From John Graham, head of the house of Graham & Company, pork packers, in Chicago, familiarly known on 'Change as Old Gorgon Graham, to his son, Pierrepont, at the Union Stock Yards. The old man is laid up temporarily for repairs, and Pierrepont has written asking if his father doesn't feel that he is qualified now to relieve him of some of the burden of active management.

CARLSBAD, October 4, 189-.

In the first place, it looks as if business might be pretty good this fall, and I'm afraid you'll have your hands so full in your place as assistant manager of the lard department that you won't have time to run my job, too.

Then I don't propose to break any quick-promotion records with you, just because you happened to be born into a job with the house. A fond father and a fool son hitch up into a bad team, and a good business makes a poor family carryall. Out of business hours I like you better than any one at the office, but in them there are about twenty men ahead of you in my affections. The way for you to get first place is by racing fair and square, and not by using your old daddy as a spring-board from which to jump over their heads. A man's son is entitled to a chance in his business, but not to a cinch.

It's been my experience that when an office begins to look like a family tree, you'll find worms tucked away snug and cheerful in most of the apples. A fellow with an office full of relatives is like a sow with a litter of pigs--apt to get a little thin and peaked as the others fat up. A receiver is next of kin to a business man's relatives, and after they are all nicely settled in the office they're not long in finding a job for him there, too. I want you to get this firmly fixed in your mind, because while you haven't many relatives to hire, if you ever get to be the head of the house, you'll no doubt marry a few with your wife.

For every man that the Lord makes smart enough to help himself, He makes two who have to be helped. When your two come to you for jobs, pay them good salaries to keep out of the office. Blood is thicker than water, I know, but when it's the blood of your wife's second cousin out of a job, it's apt to be thicker than molasses--and stickier than glue when it touches a good thing. After you have found ninety-nine sound reasons for hiring a man, it's all right to let his relationship to you be the hundredth. It'll be the only bad reason in the bunch.

I simply mention this in passing, because, as I have said, you ain't likely to be hiring men for a little while yet. But so long as the subject is up, I might as well add that when I retire it will be to the cemetery. And I should advise you to anchor me there with a pretty heavy monument, because it wouldn't take more than two such statements of manufacturing cost as I have just received from your department to bring me back from the graveyard to the Stock Yards on the jump. And until I do retire you don't want to play too far from first base. The man at the bat will always strike himself out quick enough if he has forgotten how to find the pitcher's curves, so you needn't worry about that. But you want to be ready all the time in case he should bat a few hot ones in your direction.

Some men are like oak leaves--they don't know when they're dead, but still hang right on; and there are others who let go before anything has really touched them.
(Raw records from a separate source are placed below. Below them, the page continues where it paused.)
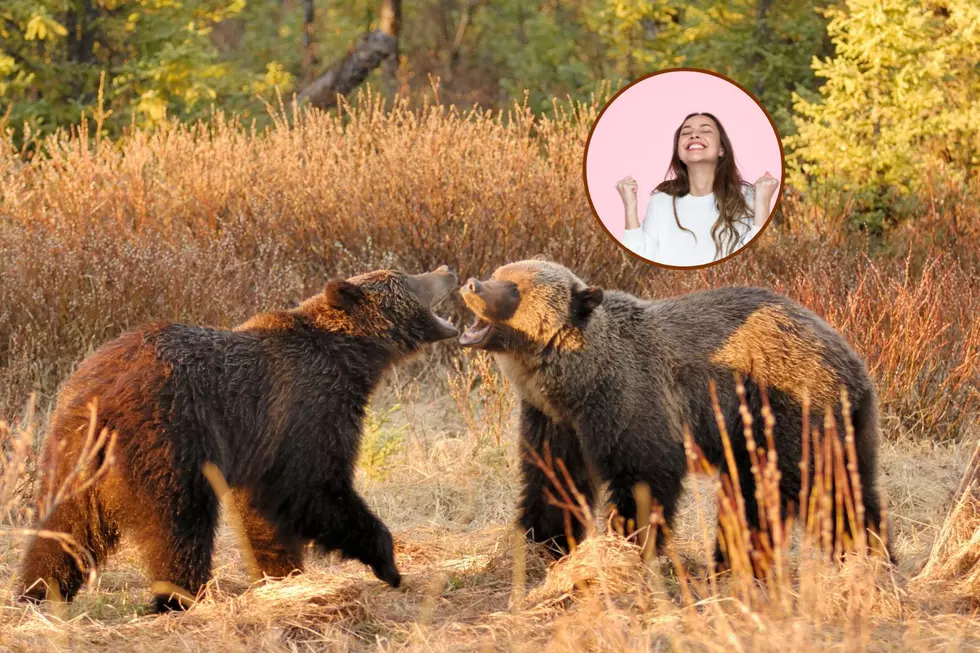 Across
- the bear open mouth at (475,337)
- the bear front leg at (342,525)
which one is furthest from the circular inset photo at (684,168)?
the bear front leg at (342,525)

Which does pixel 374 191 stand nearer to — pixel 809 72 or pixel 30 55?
pixel 30 55

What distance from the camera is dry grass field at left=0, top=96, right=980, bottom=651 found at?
14.6 feet

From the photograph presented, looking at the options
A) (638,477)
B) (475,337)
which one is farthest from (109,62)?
(638,477)

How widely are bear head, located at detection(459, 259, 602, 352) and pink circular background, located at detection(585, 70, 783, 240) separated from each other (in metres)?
2.34

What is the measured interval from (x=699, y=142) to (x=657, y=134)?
12.3 inches

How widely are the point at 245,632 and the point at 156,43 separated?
13.6 m

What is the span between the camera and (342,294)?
5.33 meters

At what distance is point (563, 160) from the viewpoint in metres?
10.4

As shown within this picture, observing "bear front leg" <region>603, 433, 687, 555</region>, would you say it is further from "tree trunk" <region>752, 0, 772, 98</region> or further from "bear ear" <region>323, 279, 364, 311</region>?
"tree trunk" <region>752, 0, 772, 98</region>

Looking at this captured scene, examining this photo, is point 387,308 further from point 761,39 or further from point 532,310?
point 761,39

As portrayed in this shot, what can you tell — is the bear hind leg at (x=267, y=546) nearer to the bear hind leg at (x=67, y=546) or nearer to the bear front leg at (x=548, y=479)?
the bear hind leg at (x=67, y=546)

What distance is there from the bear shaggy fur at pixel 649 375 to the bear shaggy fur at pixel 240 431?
20.1 inches

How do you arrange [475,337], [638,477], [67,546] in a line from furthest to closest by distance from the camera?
[475,337] → [638,477] → [67,546]

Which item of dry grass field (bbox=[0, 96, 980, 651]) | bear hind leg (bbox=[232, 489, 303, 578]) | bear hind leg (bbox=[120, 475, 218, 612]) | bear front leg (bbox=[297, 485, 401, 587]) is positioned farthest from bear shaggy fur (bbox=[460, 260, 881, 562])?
bear hind leg (bbox=[120, 475, 218, 612]) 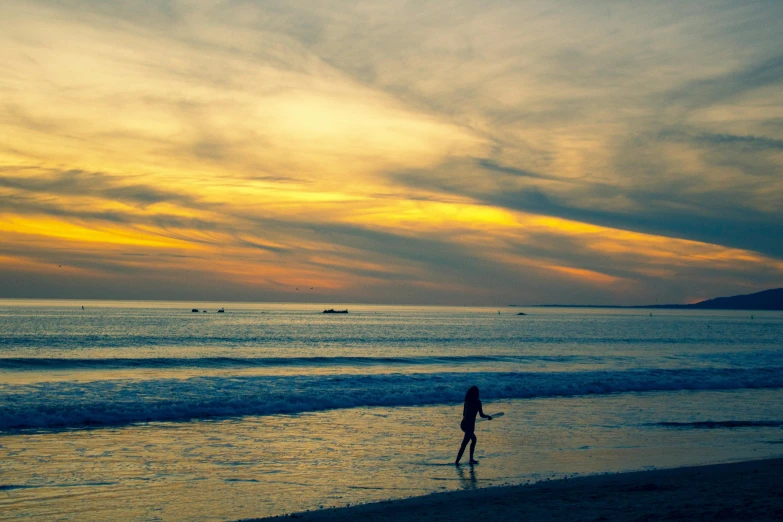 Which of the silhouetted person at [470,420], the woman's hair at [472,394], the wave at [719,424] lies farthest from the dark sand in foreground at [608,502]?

Of course, I may be in the first class, but you can be dead sure that I don't propose to get into the second, even though I know a lot of people say I'm an old hog to keep right along working after I've made more money than I know how to spend, and more than I could spend if I knew how. It's a mighty curious thing how many people think that if a man isn't spending his money their way he isn't spending it right, and that if he isn't enjoying himself according to their tastes he can't be having a good time. They believe that money ought to loaf; I believe that it ought to work. They believe that money ought to go to the races and drink champagne; I believe that it ought to go to the office and keep sober.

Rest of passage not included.